> [ABOUT THIS TASK]
The full listing, excluding its pictures, should be printed exactly as it stands.

> [DATA SECTION]
#####

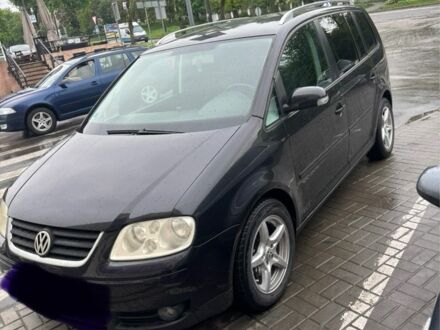 Фольксваген Туран 2005 в Каменце-Подольском на Automoto.ua Черный Фольксваген Туран, объемом двигателя 0 л и пробегом 244 тыс. км за 6000 $, фото 1 на Automoto.ua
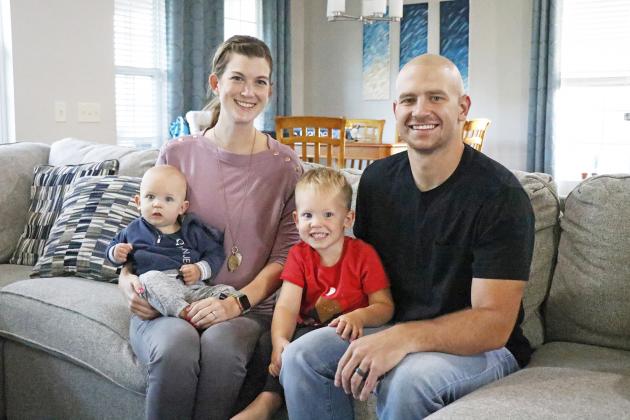 The Erbst family has been through a lot over the past year, but is ready for a clean start. The family includes mom Dr. Alexis Erbst holding baby Casey, and dad Tate Erbst with son Cainan.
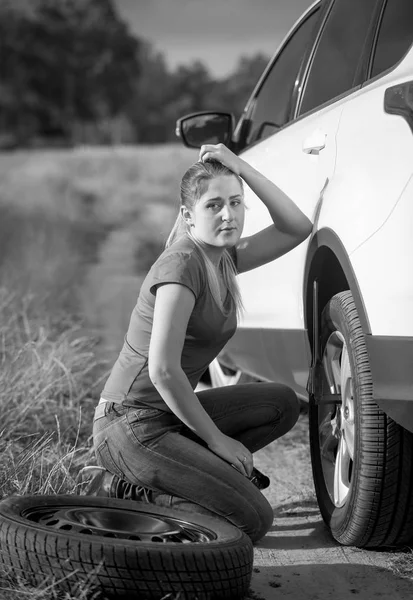 Immagine in bianco e nero di sconvolto giovane donna cambiando ruota auto su — Foto Stock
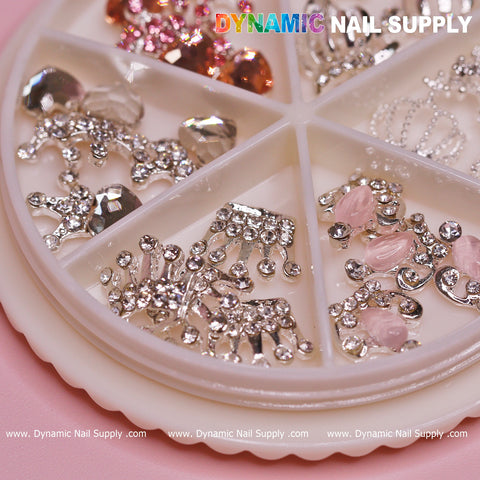 A circular organizer with six compartments contains a variety of dazzling nail art decorations, such as silver gemstones, pink stones, and intricate designs. The 24 pcs Luxury 3D Crown Charms (Rhinestone engraved) for Valentines Nail Designs add an elegant touch against the soft pink background. The brand name "Dynamic Nail Supply" is prominently displayed at the top and bottom.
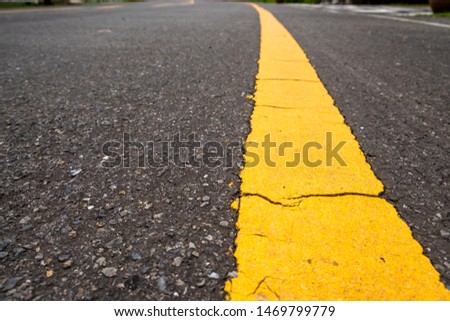 Perspective view of bright yellow traffic dividing line on black asphalt road.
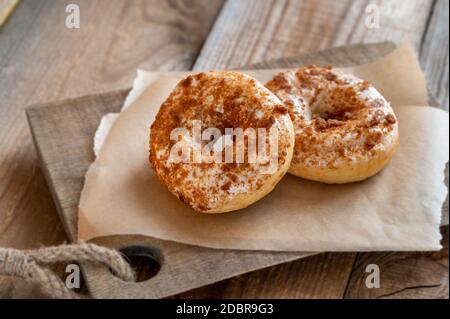 Two donuts on the wooden board Stock Photo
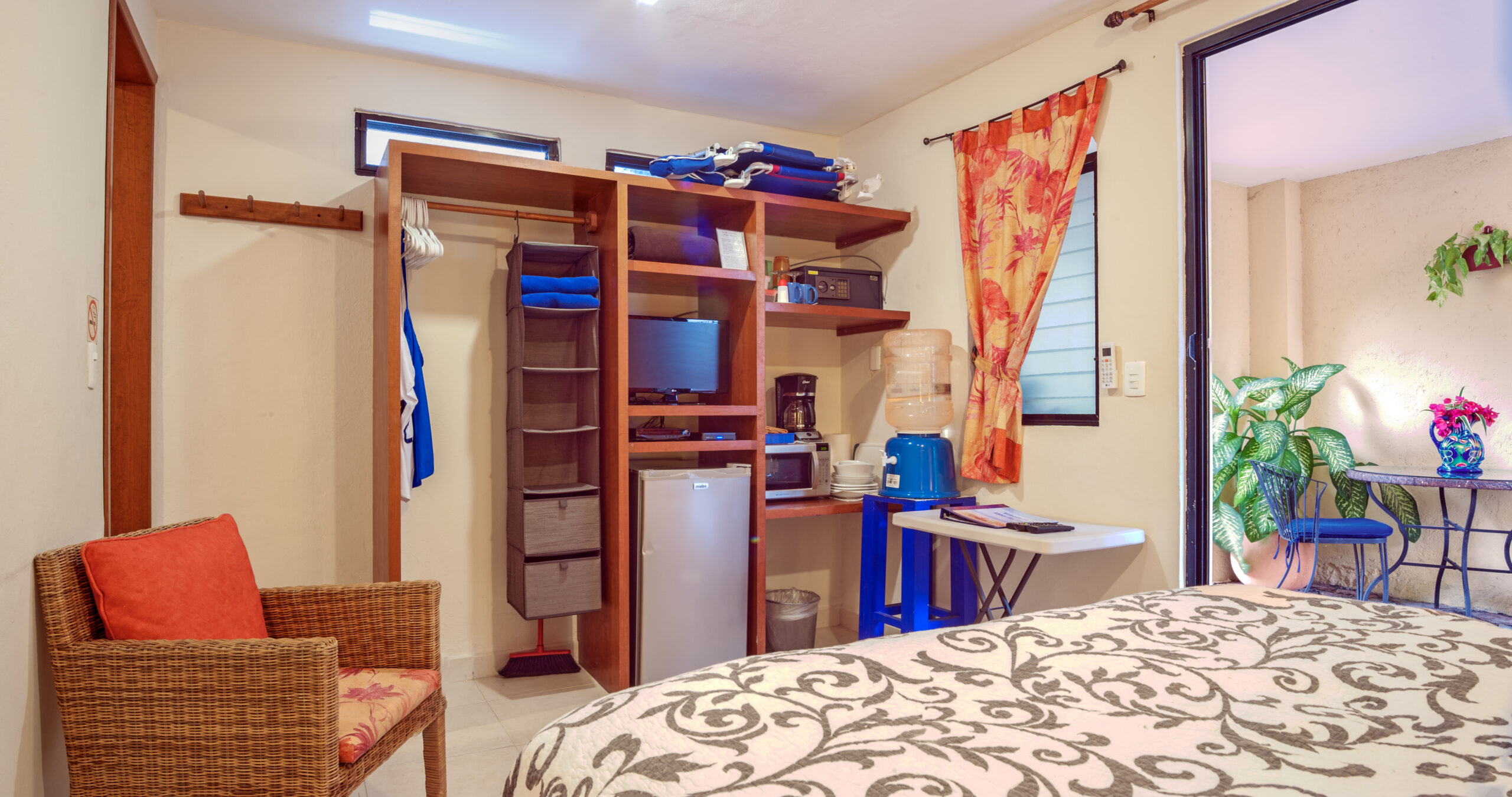 Wooden shelving with a television, small refrigerator, and coffee maker beside the bedroom seating.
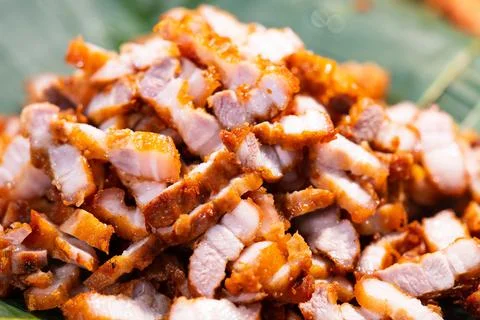 Close up of Deep fried pork belly, thai street food market Stock Photos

#####

> [YOUR RESPONSE]
 Фольксваген Туран 2005 в Каменце-Подольском на Automoto.ua Черный Фольксваген Туран, объемом двигателя 0 л и пробегом 244 тыс. км за 6000 $, фото 1 на Automoto.ua
 The Erbst family has been through a lot over the past year, but is ready for a clean start. The family includes mom Dr. Alexis Erbst holding baby Casey, and dad Tate Erbst with son Cainan.
 Immagine in bianco e nero di sconvolto giovane donna cambiando ruota auto su — Foto Stock
 A circular organizer with six compartments contains a variety of dazzling nail art decorations, such as silver gemstones, pink stones, and intricate designs. The 24 pcs Luxury 3D Crown Charms (Rhinestone engraved) for Valentines Nail Designs add an elegant touch against the soft pink background. The brand name "Dynamic Nail Supply" is prominently displayed at the top and bottom.
 Perspective view of bright yellow traffic dividing line on black asphalt road.
 Two donuts on the wooden board Stock Photo
 Wooden shelving with a television, small refrigerator, and coffee maker beside the bedroom seating.
 Close up of Deep fried pork belly, thai street food market Stock Photos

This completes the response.